Siyonizm, bazı ülkelerde bu maddelerin hepsini, bazı
ülkelerde de bir kısmını uygulamaya koyuyor değil mi?
Bunları artık hemen herkes görüyor…
İsrail Terör Örgütü’nün soykırımını izlerken ağızlarına
geleni söyleyenlerin üzüntüleri, öfkeleri bilince dönüşüyor…
Bu bilinçlenme de,
Siyonizm’in sonunu getiriyor.
Sürece Batı’yı yakın takibe alarak baktığınızda, çok güzel
gelişmelerin meydana geldiğini fark ediyorsunuz…
Boşluktaki Batı, bağlanması gereken güzellikleri nihayet
fark ediyor.
Boşluktaki, evet…
“Gelişmiş” denilen bazı batı ülkelerine
gittiğimde, üzerlerinde “satılık”
levhalarının bulunduğu kiliseler görmüştüm.

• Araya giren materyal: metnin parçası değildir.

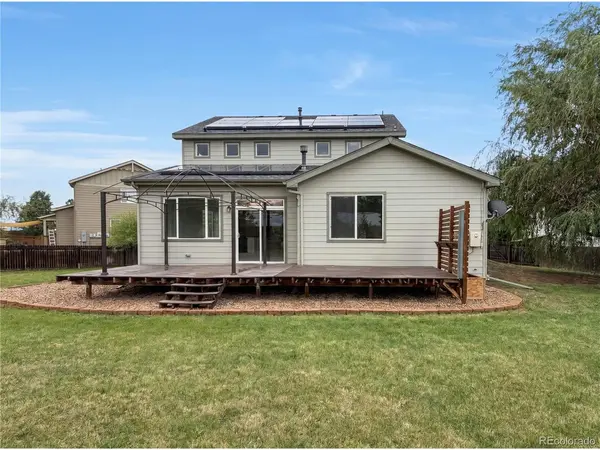 8585 Raspberry, Longmont, CO 80504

“Cemaat” kalmayınca, yakıt, sigorta ve bakım masrafları
karşılanamayınca mecburen “satılığa”
çıkartıyorlar kiliselerini!,,
Satılık kiliselerden bazılarını da Müslümanlar satın alıyor,
Cami yapıyor!..
Hollandalı “din”
adamı Anton van Diesen, Saint Clement Kilisesi’ni “satışa” çıkartmalarının sebebini bakın nasıl dile getiriyor:
“Üzgünüm Kilisemiz satılık, zira artık insanlar Tanrı’ya inanmıyor!”
Doğru…
Batı’da insanlar kiliselerden koptular…
Tahrif edilmiş “din”lerinden
iyice uzaklaştılar…
Ateist oldular…
Daha doğrusu “hedonist”
(zevkperest) oldular.
Her önlerine uzatılan “zevk vaadine” sarıldılar.
“Zevk” diye
önlerine uzatılanların bir süre sonra anlamlarını yitirdiğini, dahası
kendilerini ve ülkelerini felâkete sürüklediğini görünce de, arayışlara girdiler.
Malûm, her arayan bulamaz ama bulanlar arayanlardır.

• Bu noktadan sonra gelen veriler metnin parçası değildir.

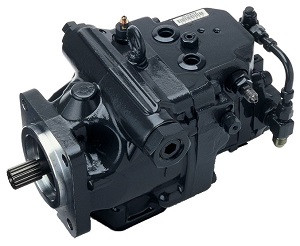 50F-09-FLL-V1-11-02 TAIWAN KCL Vane pump 50F Series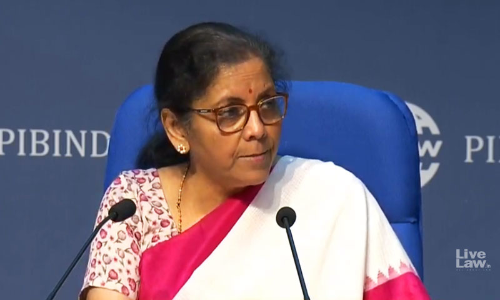 Delhi Court Rejects Defamation Case Filed By AAP Leaders Wife Against Union Minister Nirmala Sitharaman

Arayan Mevlâ’sını da bulur, belâsını da…
Soykırımcı İsrail belâsını buldu,
Batı ise Mevlâ’sını
buluyor Allah’ın İzniyle!..
Batı’da İslam’a yönelenlerin, hidayete erenlerin sayısının
hızla arttığını hepimiz biliyoruz…
Bu durumu, Batı’nın ırkçıları “büyük bir tehdit” olarak görüyor ki… Doğrudur; insanlık için büyük
güzellik, kendileri için ise büyük
tehdit!..
Ne yaparlarsa yapsınlar, önünü kesemiyorlar bu güzel
yönelişin.
Batı’nın ırkçılarını fonlayan Siyonizm’in İşid adını verdiği
terör örgütünü üretme sebeplerinden birincisi “Arz-ı Mev’uda yol açmak”, ikincisi ise, Batı’daki İslâm’a
yönelişin hızını kesmek!..
İnsanlar İşid üzerinden yapılan menfi propaganda yüzünden
İslâm’ı “öcü” olarak görecek ve
dolayısıyla Müslüman olmaktan vazgeçecek!..
Hesap buydu ama tutmadı.
Zira, Batı eğitiminin bizde olmayan bir özelliği var;
Oralarda, araştırmaya çok daha fazla önem veriliyor.

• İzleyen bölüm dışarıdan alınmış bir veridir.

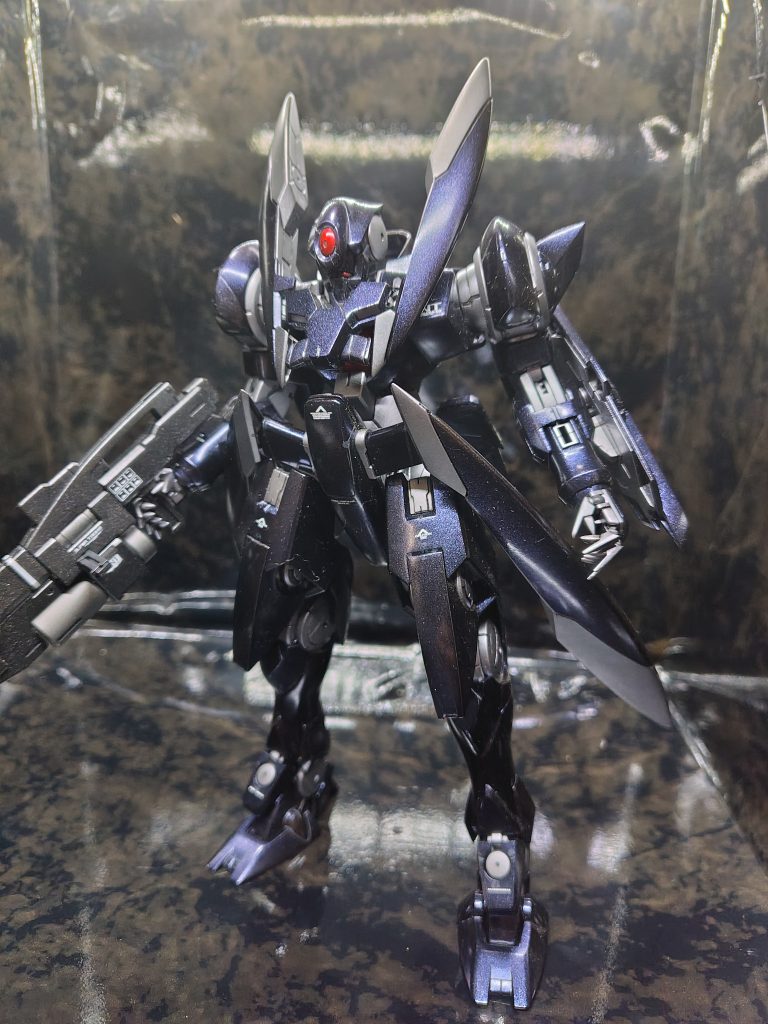 MG　GN-X–2枚目/制作者：Akihiro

Bizde ezber, oralarda ise araştırma-muhakeme öne çıkıyor.
Batıda eğitim görmüş birisinde ilk dikkatinizi çeken,
bilmediği bir konu önüne geldiğinde çok rahat bir şekilde “Bilmiyorum, bu konu hakkında bilgim ve fikrim!” yok
diyebilmesidir.
İnsan neyi bilmediğini bildiğinde, bilmediklerini öğrenmenin
yolunu da açmış olur.
Araştırmaya, sorgulamaya ağırlık veren eğitim sisteminde
yetişmiş olan batılılar, devlet
adamlarının, Siyonizm uşağı rezil politikacılarının, küresel medya organlarının
önlerine koyduklarını sorgulaya sorgulaya, doğruya ve güzele yaklaşıyorlar.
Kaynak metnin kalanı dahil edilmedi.